### Task requirements
When you reach the line containing "Lemon Quartz Men", start transcribing exactly and continue through the last line of the data, skipping every picture.

### Data section
+ + + +

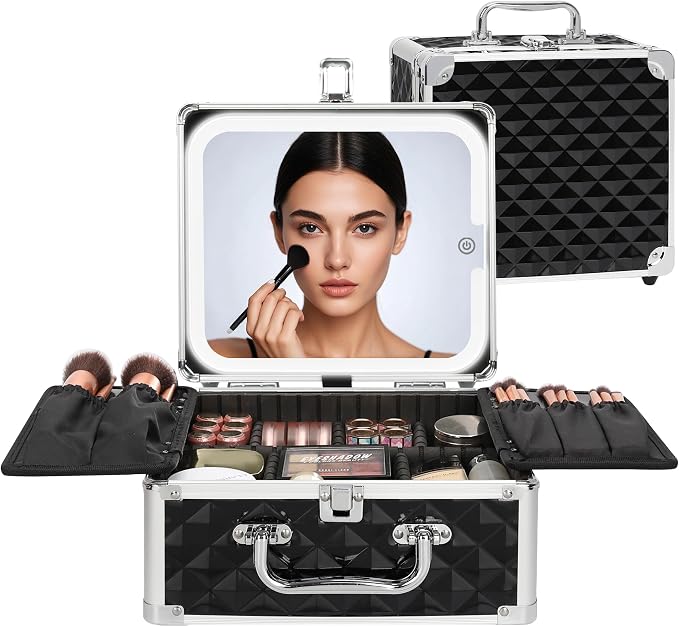 Relavel Makeup Bag with LED Mirror, Makeup Box Travel Train Case with Rechargeable Lighted Mirror, Cosmetic Brush Organizer Storage for Makeup Artists Gifts for Women and Girls (Black Quilted, Small)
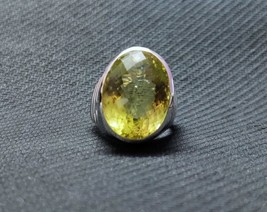 Lemon Quartz Men Ring Large Stone 20 Ct Lemon Topaz Mens Ring - $133.16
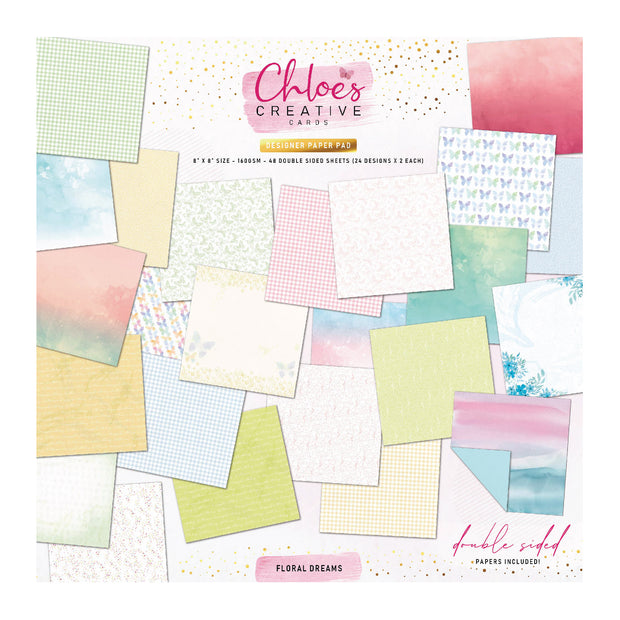 Chloes Creative Cards 8x8” Designer Paper Pad – Floral Dreams
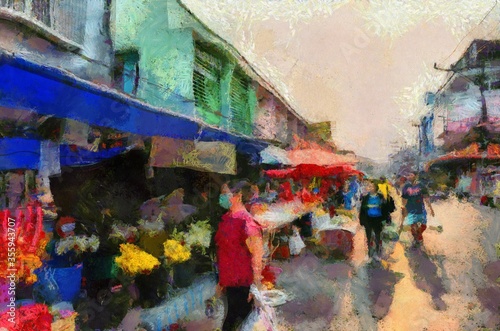 Food market in the city in the provinces of Thailand Illustrations creates an impressionist style of painting. © Kittipong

+ + + +

### Exercise output
 Lemon Quartz Men Ring Large Stone 20 Ct Lemon Topaz Mens Ring - $133.16
 Chloes Creative Cards 8x8” Designer Paper Pad – Floral Dreams
 Food market in the city in the provinces of Thailand Illustrations creates an impressionist style of painting. © Kittipong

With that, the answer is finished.